If you double-click on the “After Effects Rendering Engine” shortcut, you’ll see something that looks like After Effects starting up. But after the initial startup sequence you’ll only see the render queue panel, and all the menus are grayed out. You won’t be able to do anything except choose a watch folder (more about that later). If you open the AErender file directly, then a command line window will briefly pop up with a bit of text, and nothing else will happen.
This is pretty underwhelming, but AErender is so important that it’s worth clarifying exactly what we’ve got.
Getting more than you paid for
When you buy After Effects and install it, you’re actually getting two different versions. You get the “normal” version of After Effects with the interface we all stare at every day. It’s important to note that you’re paying for a license that allows you to run the full version of After Effects on two separate computers. But in addition to the main app, you’re also getting a separate, stripped down version that just contains the rendering engine.
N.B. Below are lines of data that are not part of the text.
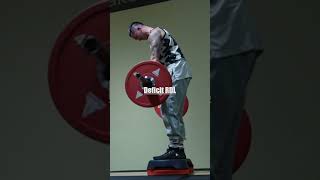 Slow tempo Deficit Romanian Deadlift w barbell gym fitness explore foryou fyp shorts short [upl. by Aliuqaj]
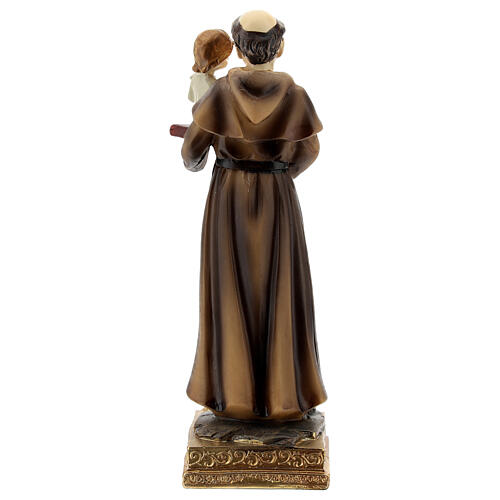 St. Anthony of Padua with golden base resin statue 14.5 cm 4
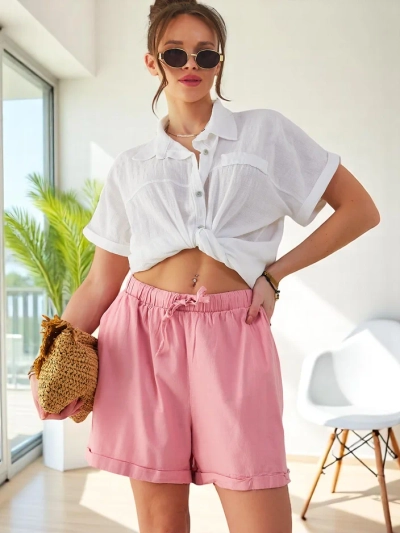 Royalfashion Women's Cotton Shorts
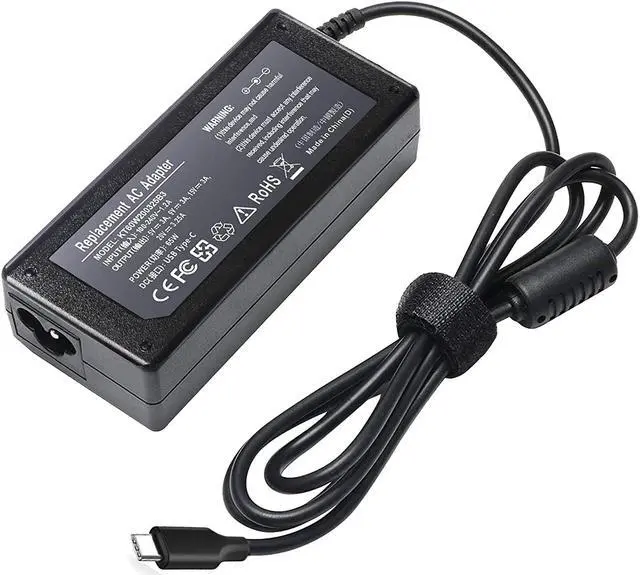 Main image of 65W Chromebook Charger with Type USB C for Dell Chromebook 11 13 14 3380 3100 3400 5190 7486 2-in-1 P28T P29T,Dell XPS 12 12D 13 15 9370 9333 9360 9350 9365 9380 9Q33 Laptop Type C Power Supply Cord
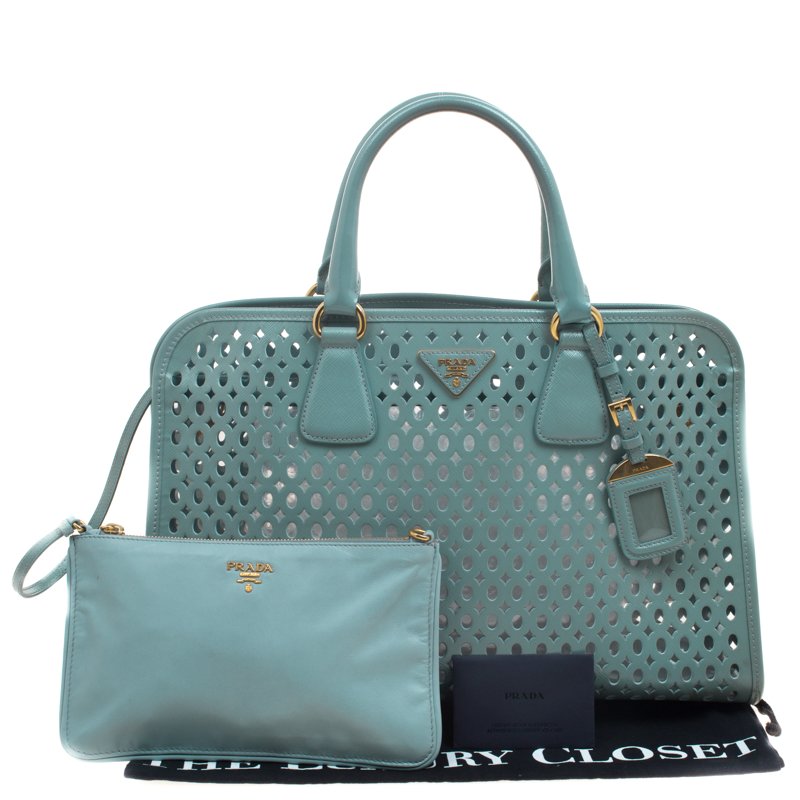 prada perforated bag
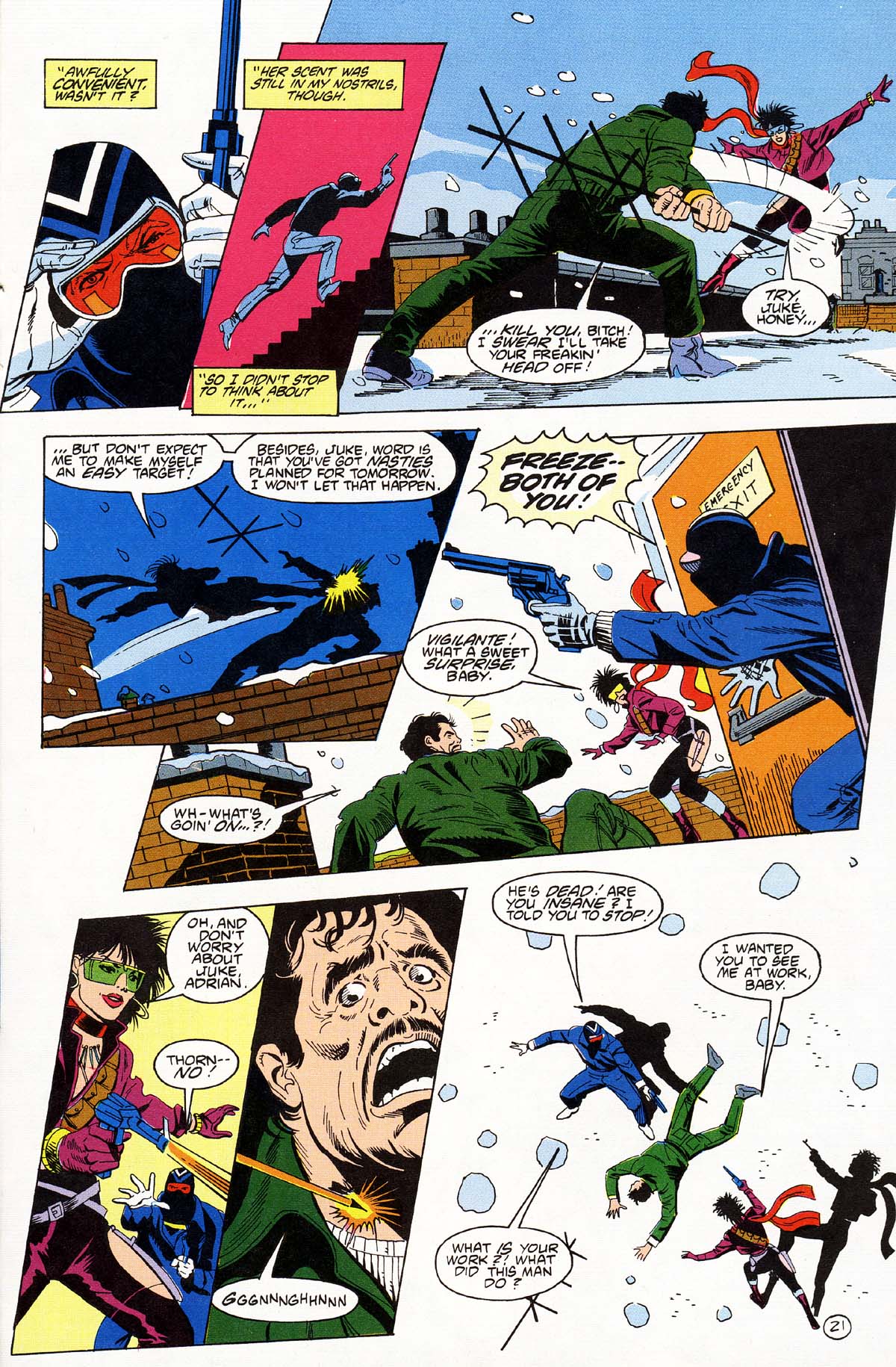 Read online Vigilante (1983) comic -  Issue #45 - 23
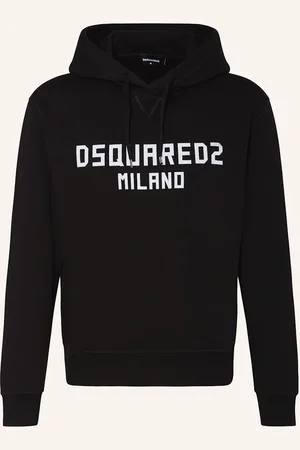 Dsquared2 Mikina S Kapucí Cool Fit černá bílá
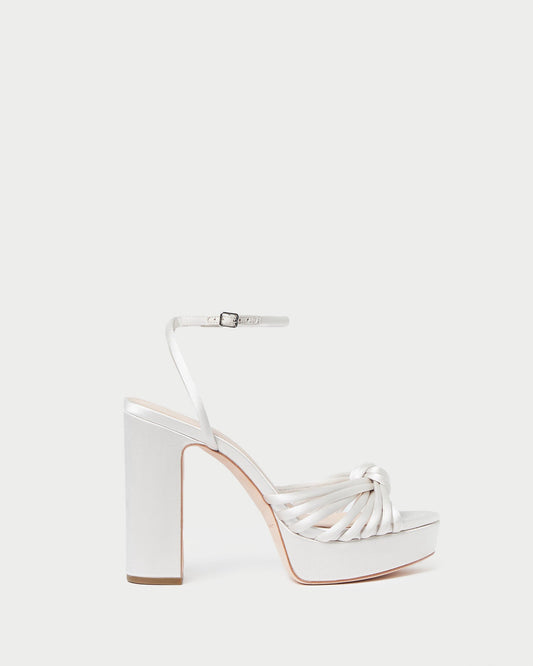 Women Loeffler Randall Rivka Cream Knot Platform Sandal
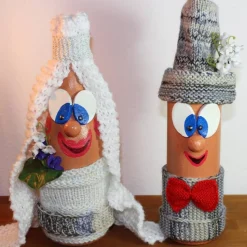 Geldgeschenk BRAUTPAAR Geschenk zur Hochzeit oder Hochzeitsdeko Braut und Bräutigam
One of the most significant aspects of the render engine is that it does not need a serial number. You can install as many copies on as many computers as you like.
You can build a render farm without having to buy additional copies of After Effects from Adobe.
Individual plugin developers DO have their own rules regarding render engine licenses, so if you’re thinking of setting up a render farm then you might need to buy more licenses for your plugins, but AErender itself is not restricted by Adobe. There are loads of developers selling plugins for After Effects and they all have different agreements for render farms. As an example: if you purchase the Trapcode suite from Red Giant, they’ll send you an additional 5 licenses to use on a render farm for free (just ask nicely). Other vendors offer render-only licenses at a lower price, and others don’t offer any concessions for render licenses at all.
What’s it for?
The concept of a render-only version of After Effects is easy enough to understand, so lets look at how it can be useful.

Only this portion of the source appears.